CHAP. 58. (57.)—THE THINGS ABOUT WHICH MANKIND FIRST OF ALL AGREED. THE ANCIENT LETTERS.

There was at the very earliest[1] period a tacit consent among all nations to adopt the letters now used by the Ionians.[2] (58.) That the ancient Greek letters were almost the same with the modern Latin,[3] is proved by the ancient Delphic inscription on copper, which is now in the Palatine library, having been dedicated by the emperors to Minerva; this inscription is as follows:

NAUSIKRATHS ANEQETO THI DIOS KORHI. ["Nausicrates offered this to the daughter of Zeus."][4]

1. Herodotus, B. v. c. 59, says that the Phœnician letters were very similar to the Ionian; and we are informed by Hardouin, that Scaliger, in his Dissertation upon an ancient inscription on a column discovered in the Via Appia, and removed to the Farnese Gardens, has proved that the Ionians borrowed their letters from the Phœnicians.—B.
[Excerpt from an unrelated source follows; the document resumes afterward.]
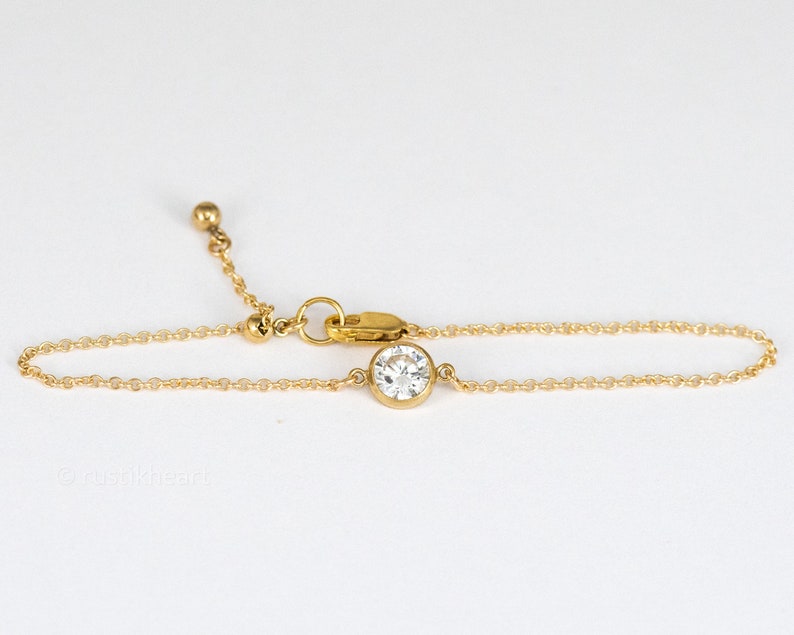 May include: A gold-toned chain bracelet featuring a single round, clear, faceted stone set in a bezel setting. The bracelet includes a delicate link chain, a lobster claw clasp, and an adjustable extension chain finished with a small gold-toned bead.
2. Herodotus confirms this opinion by a reference to an ancient tripod at Thebes, written in what he terms Cadmæn letters, having a strong resemblance to those used by the Ionians.—B.

3. Tacitus, Ann. B. ix. c. 14, says, "The Latin letters have the same form as the most ancient Greek ones."—B.

4. There is scarcely a letter of this inscription which has not been controverted, and no two editions hardly agree.—B.